Commentary

Brain injury: More clues to symptom validity


 

I appreciate Current Psychiatry’s emphasis on sharpening one’s psychiatric diagnostic skills (“Neurocognitive impairment: Feigned, exaggerated, or real?” Current Psychiatry, August 2007). I have found a few additional questions may help validate symptoms of neurocognitive impairment during a psychiatric interview. These questions were developed as a result of my informal survey of individuals with head injuries, usually months after the injury.

Ask about a patient’s job. Significant changes in employment status—such as job loss or changes in job responsibilities or how others relate to the individual in the workplace— usually occur in the first 6 months after an injury.

Has the patient thought about or obtained a gun permit? In response to their perceived weaker status, many patients acquired weapons. I have no knowledge if these guns were misused.

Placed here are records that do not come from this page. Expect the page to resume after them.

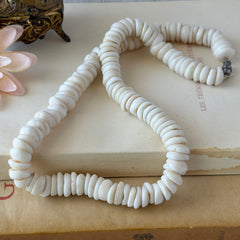 Vintage 1970s Hawaiian puka shell necklace made of natural white‑cream shells, shown coiled on a neutral background.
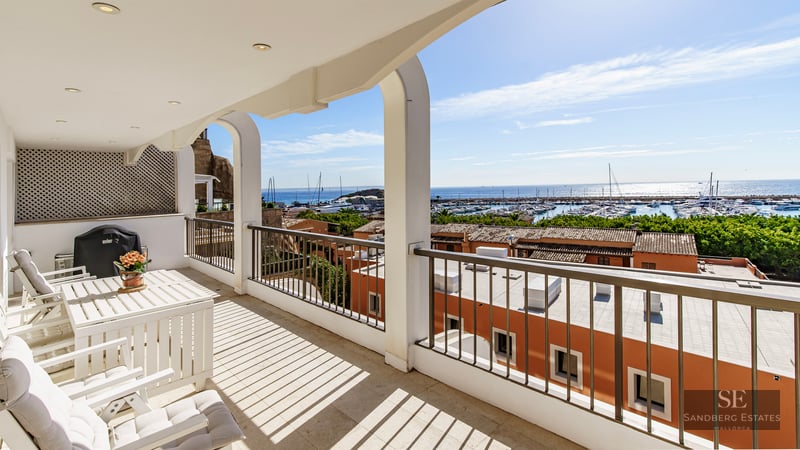 White arched balcony with outdoor furniture overlooking a harbor with boats and blue sea under a clear sky.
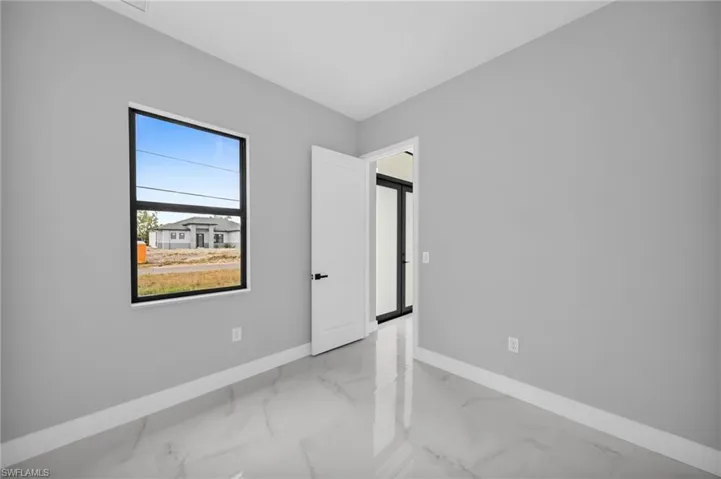 Unfurnished bedroom with baseboards and light marble finish floors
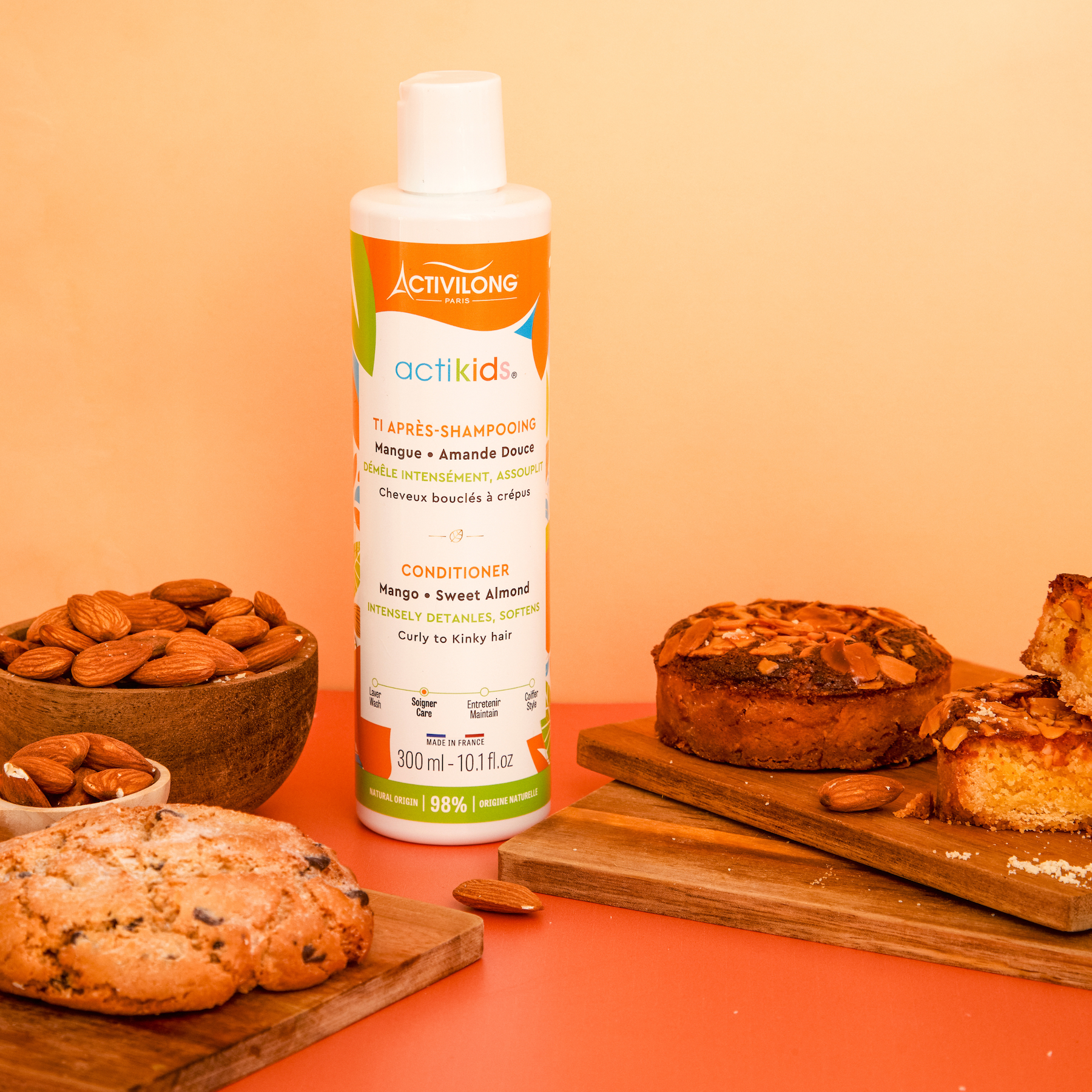 ACTIVILONG ACTIKIDS Conditioner Après-Shampoing 250ml bottle by ABS France Wholesale on a wooden surface with cookies and almonds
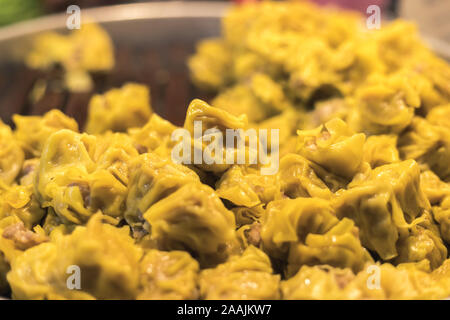 some kind of dumpling that can call Dim sum. it put pork inside and cover with yellow flour Stock Photo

In an informal survey, I also asked these injured individuals to name their favorite movie and actor. The Godfather: Part II and/or the film’s actors Robert De Niro, Al Pacino, and James Caan were chosen by 85% of patients from a certain generation. One possible reason for this choice was suggested by a 14-year veteran of the Canadian Forces, who felt that the motion picture allowed one to fantasize about striking out at others without harming oneself. Positive answers to 1 or more of these questions suggested symptom validity.

The psychologist’s documentation of an organic cause of the neurocognitive impairment compared favorably to an abnormal finding on a computerized brain mapping electroencephalogram (EEG). The recent computerization of multiple EEGs will allow physicians to identify abnormal patterns of electrical activity and suggest a diagnosis. A finding of 2 standard deviations from average may indicate neurocognitive impairment.